Stored records:
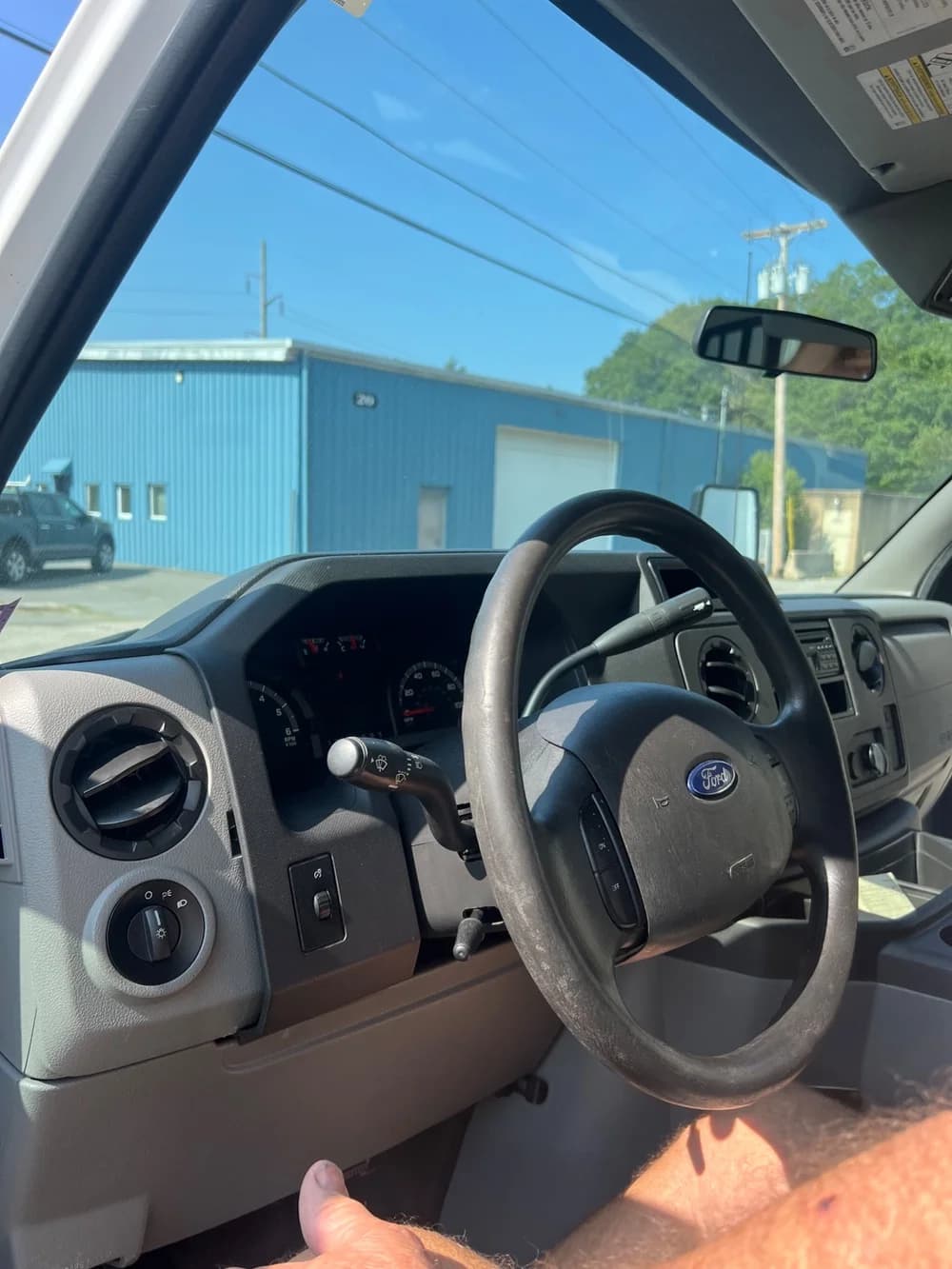 2016 Ford E 350 - Image 3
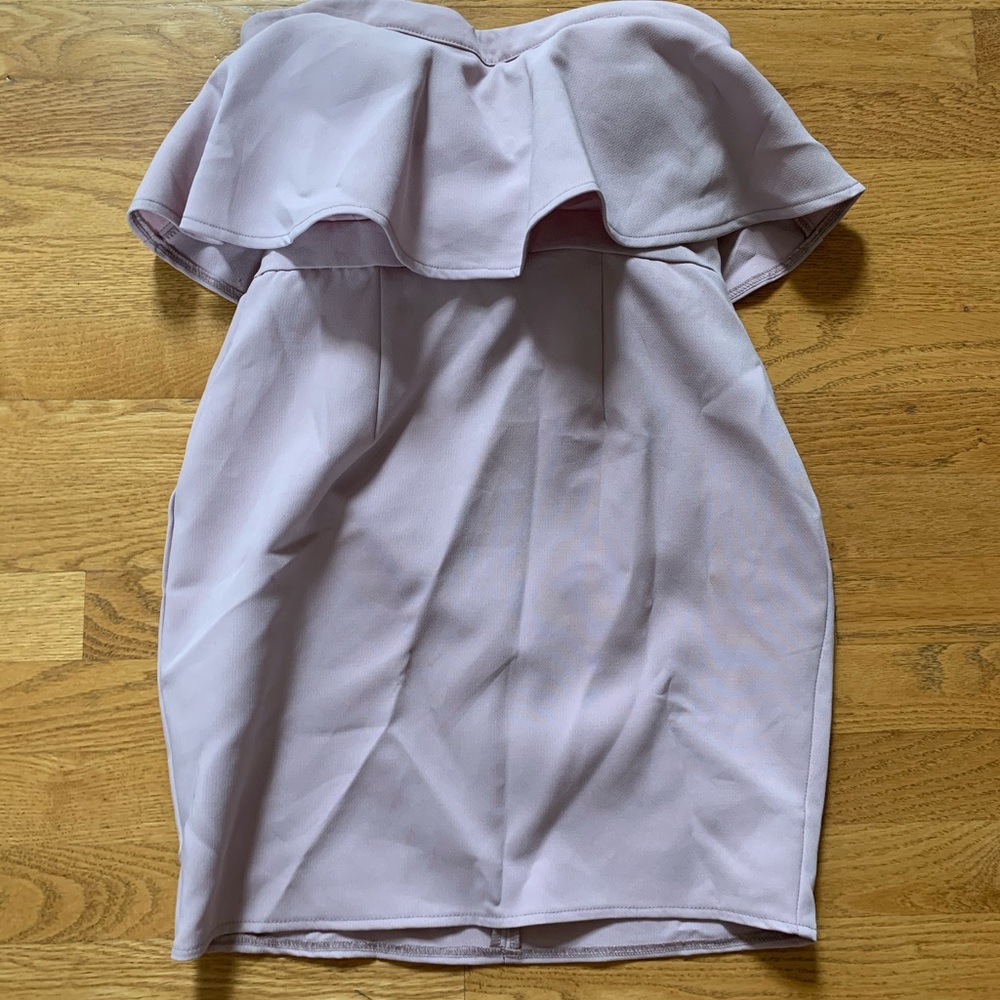 Selfie Leslie light pink strapless mini dress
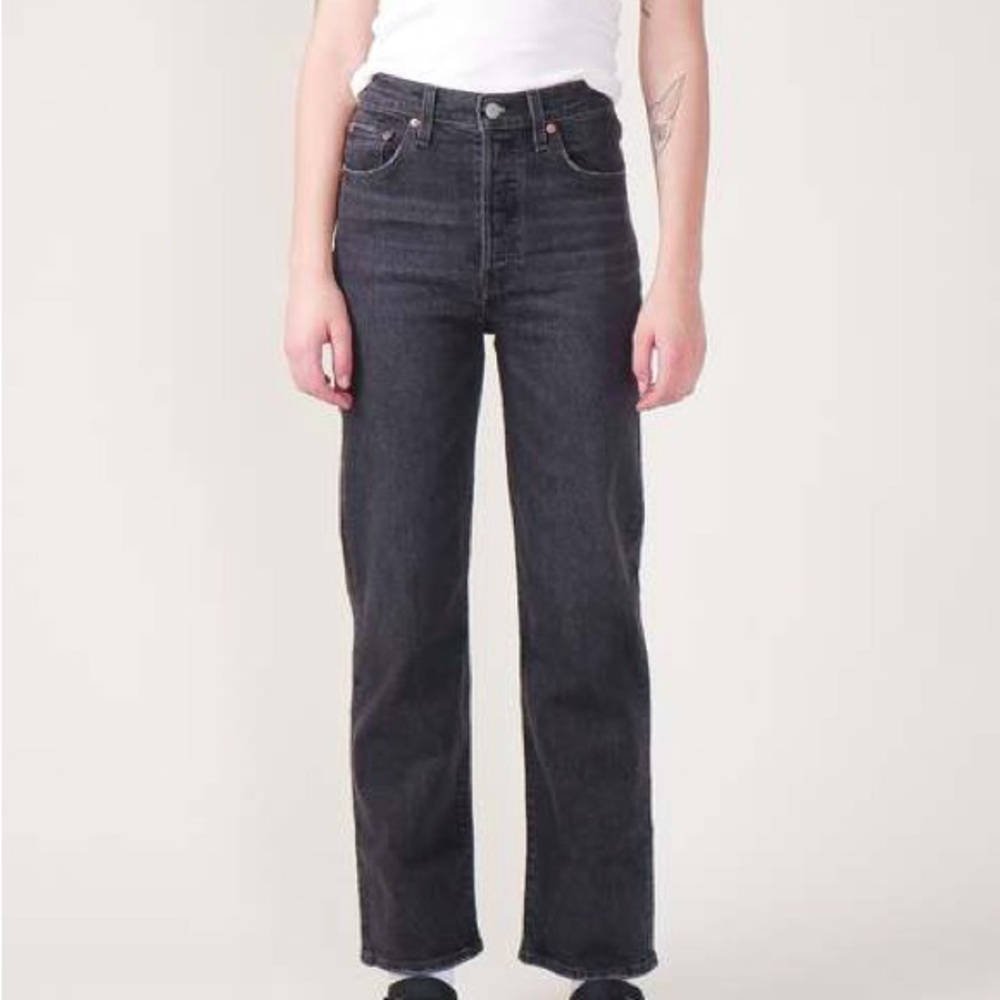 Levi's Women Straight Leg Jeans in Washed Black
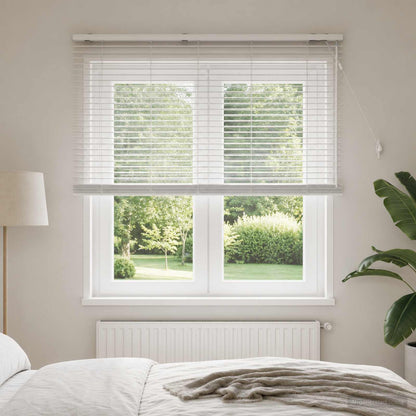 vidaXL Venetian Blind White 135 x 160 cm 35 mm Solid Paulownia Wood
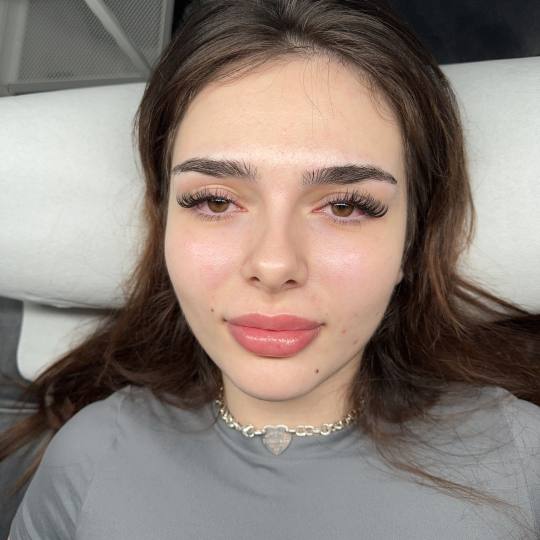 Miss Lash - Nehruova #beograd Nadogradnja trepavica Nadogradnja svilenih trepavica - mix tehnika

- **Problem requirements**: Exact copy, no pictures: set down all the entries again as they stand.

- **Response for this exercise**:
 2016 Ford E 350 - Image 3
 Selfie Leslie light pink strapless mini dress
 Levi's Women Straight Leg Jeans in Washed Black
 vidaXL Venetian Blind White 135 x 160 cm 35 mm Solid Paulownia Wood
 Miss Lash - Nehruova #beograd Nadogradnja trepavica Nadogradnja svilenih trepavica - mix tehnika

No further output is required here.